There's a subtle problem with plain dot-product attention: as the dimension $d_k$ grows, dot products get **larger in magnitude**. Why? Each element of the dot product adds a term, so with more dimensions, the sum grows.

When dot products are large, softmax produces outputs that are very close to one-hot vectors (nearly all the weight on one key). This means:
- Gradients become tiny (softmax saturation)
- The model can't learn to spread attention across multiple keys
- Training becomes unstable

**The fix:** Divide by $\sqrt{d_k}$ to keep the variance of scores roughly constant regardless of dimension.

$$\text{Attention}(Q, K, V) = \text{softmax}\left(\frac{QK^T}{\sqrt{d_k}}\right) V$$

#### Breaking down the formula:

| Component | Meaning | Why It's There | F1 Parallel |
|-----------|---------|----------------|-------------|
| $Q$ | Query matrix $(n_q, d_k)$ | What we're looking for | Current lap's questions about the race history |
| $K$ | Key matrix $(n_k, d_k)$ | What's available to match | Each past lap's matchable signature |
| $V$ | Value matrix $(n_k, d_v)$ | Information to retrieve | Each past lap's actual data |
| $QK^T$ | Score matrix $(n_q, n_k)$ | Raw similarities | Raw relevance of every past lap to every query |
| $\sqrt{d_k}$ | Scaling factor | Keeps scores in good range for softmax | Prevents the model from being overconfident about one lap |
| softmax | Row-wise normalization | Convert scores to weights | Turn raw scores into a proper "attention budget" |

**What this means:** The $\sqrt{d_k}$ scaling is a simple but critical trick.
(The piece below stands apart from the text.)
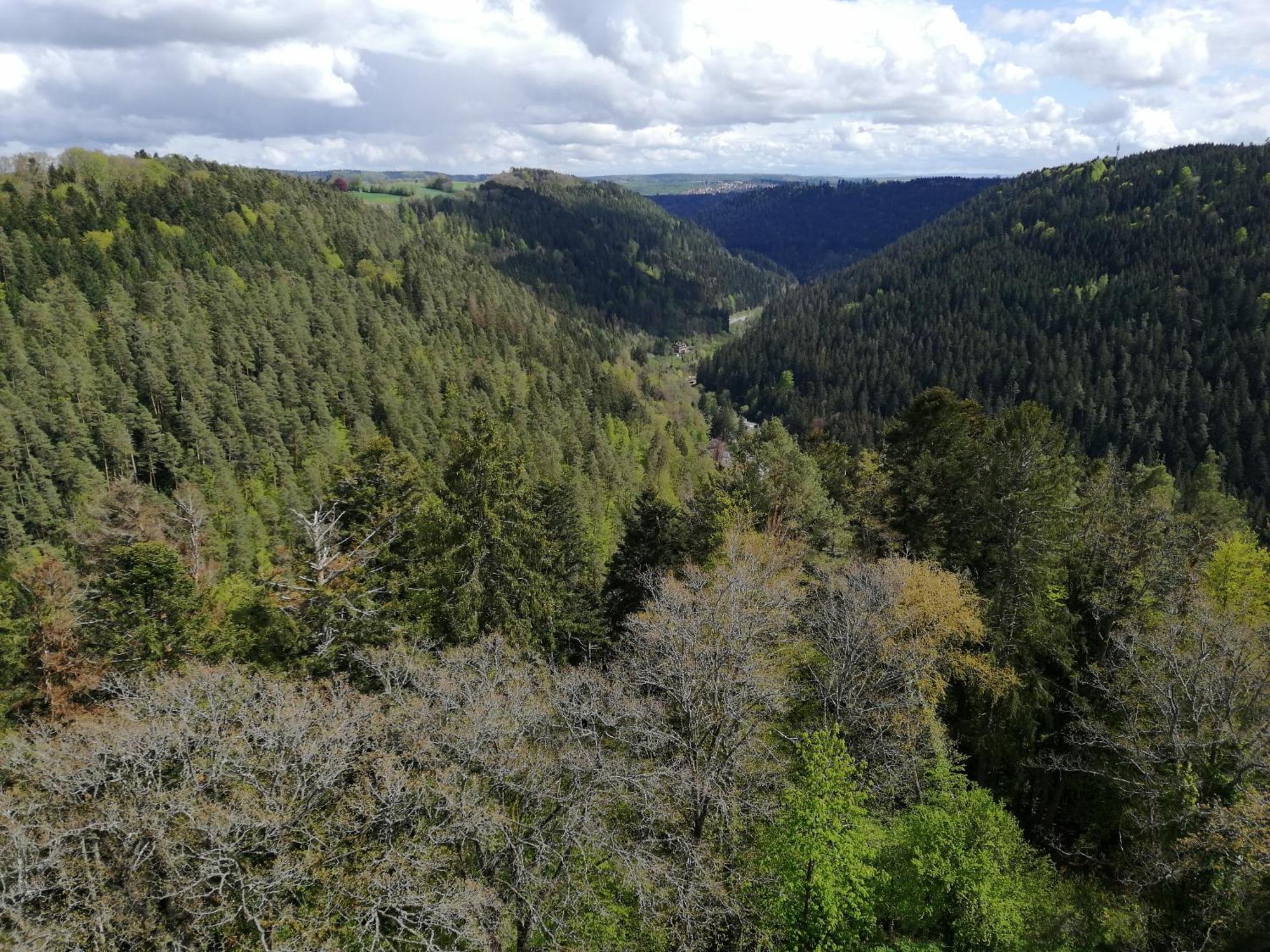 Ferienwohnung Tal-Eck Bad Teinach-Zavelstein Luaran gambar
Without it, attention in high dimensions would collapse to hard attention (looking at only one position), losing the benefit of soft weighting.

**F1 analogy:** Without scaling, the model becomes an overconfident strategist who only looks at the single most similar past lap and ignores everything else. With scaling, the model blends information from several relevant laps -- which is almost always a better strategy.

### Visualization: Why Scaling Matters

In [None]:
# Show how dot product magnitude grows with dimension
fig, axes = plt.subplots(1, 3, figsize=(15, 4))

# Left: Dot product magnitude vs dimension
ax = axes[0]
dims = [4, 16, 64, 128, 256, 512]
dot_stds = []

for d in dims:
    # Random unit-variance vectors
    q = np.random.randn(1000, d)
    k = np.random.randn(1000, d)
    dots = np.sum(q * k, axis=1)
    dot_stds.append(dots.std())

ax.plot(dims, dot_stds, 'bo-', linewidth=2, markersize=8)
ax.plot(dims, [np.sqrt(d) for d in dims], 'r--', linewidth=2, label=r'$\sqrt{d_k}$')
ax.set_xlabel('Dimension $d_k$')
ax.set_ylabel('Std of dot products')
ax.set_title('Dot Product Magnitude\nGrows with Dimension')
ax.legend()
ax.grid(True, alpha=0.3)

# Middle: Softmax on unscaled scores
ax = axes[1]
np.random.seed(42)
for d_k in [4, 64, 512]:
    q = np.random.randn(d_k)
    K = np.random.randn(8, d_k)
    scores = K @ q  # Unscaled
    weights = np.exp(scores - scores.max()) / np.exp(scores - scores.max()).sum()
    ax.plot(range(8), sorted(weights, reverse=True), 'o-', 
            label=f'd_k={d_k}', linewidth=2, markersize=6)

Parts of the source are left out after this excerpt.